— TASK ITEM —
Exactly the lines from the one containing "a white bedroom" through the one containing "Técnico de manutenção" in the listing below are to be copied, with the pictures left out.

— DATA SUPPLIED —
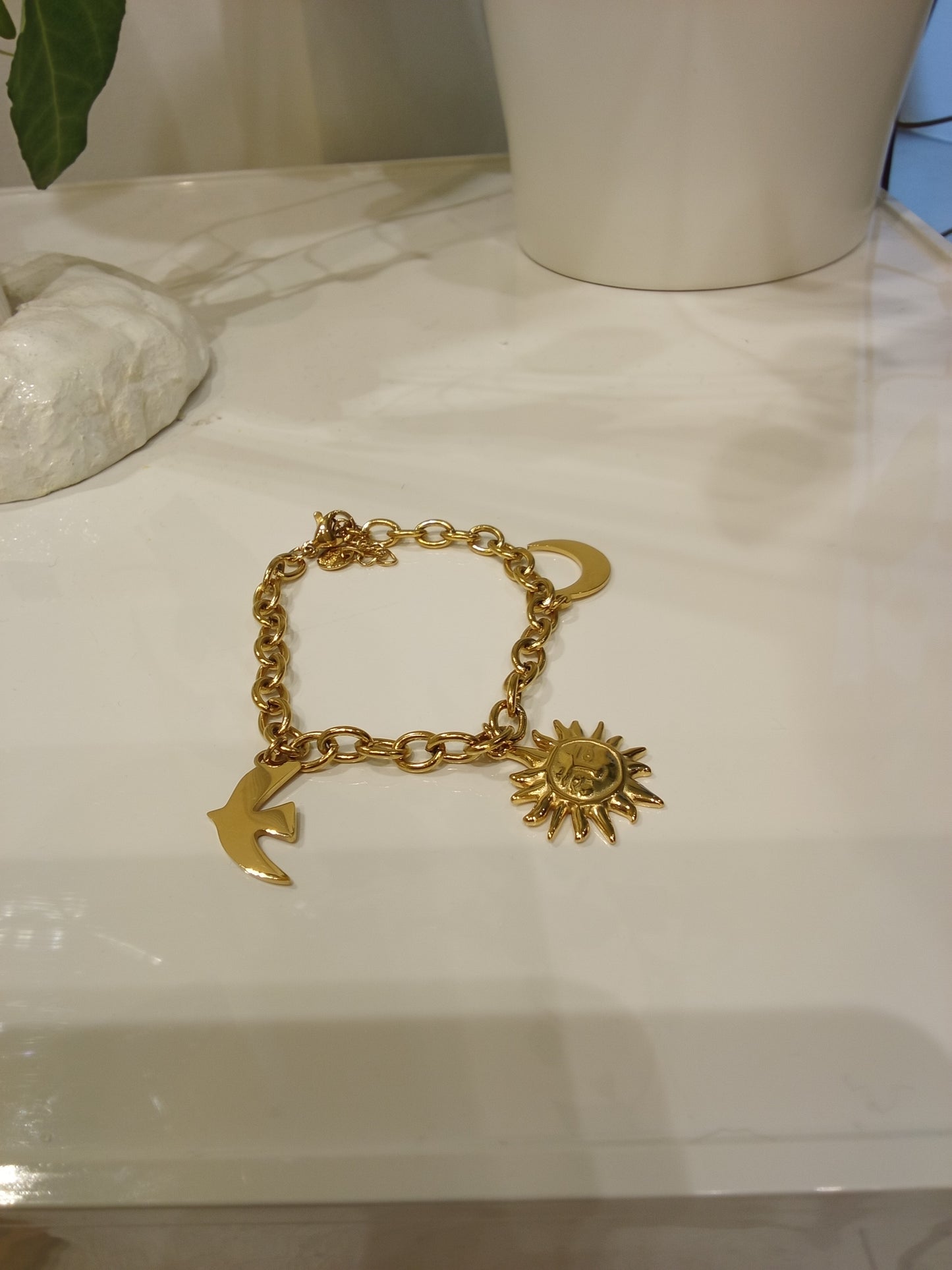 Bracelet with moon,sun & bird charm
...
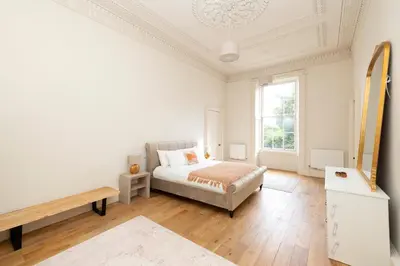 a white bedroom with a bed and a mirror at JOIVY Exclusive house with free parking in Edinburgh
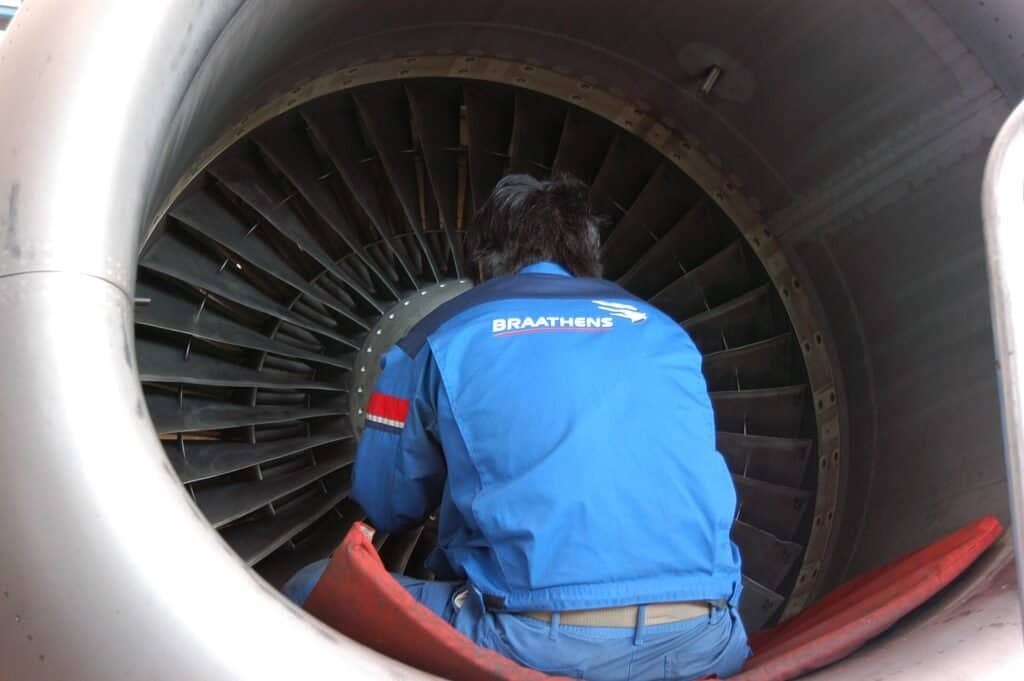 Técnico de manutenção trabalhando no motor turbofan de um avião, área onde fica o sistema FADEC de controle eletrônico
...
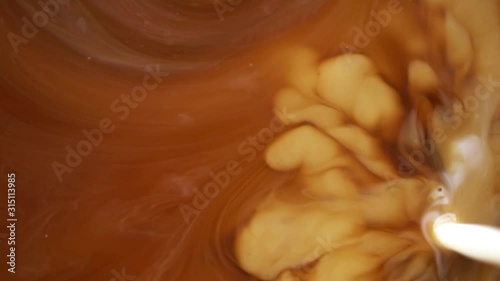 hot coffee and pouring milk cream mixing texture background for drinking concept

— FINISHED TASK —
 a white bedroom with a bed and a mirror at JOIVY Exclusive house with free parking in Edinburgh
 Técnico de manutenção trabalhando no motor turbofan de um avião, área onde fica o sistema FADEC de controle eletrônico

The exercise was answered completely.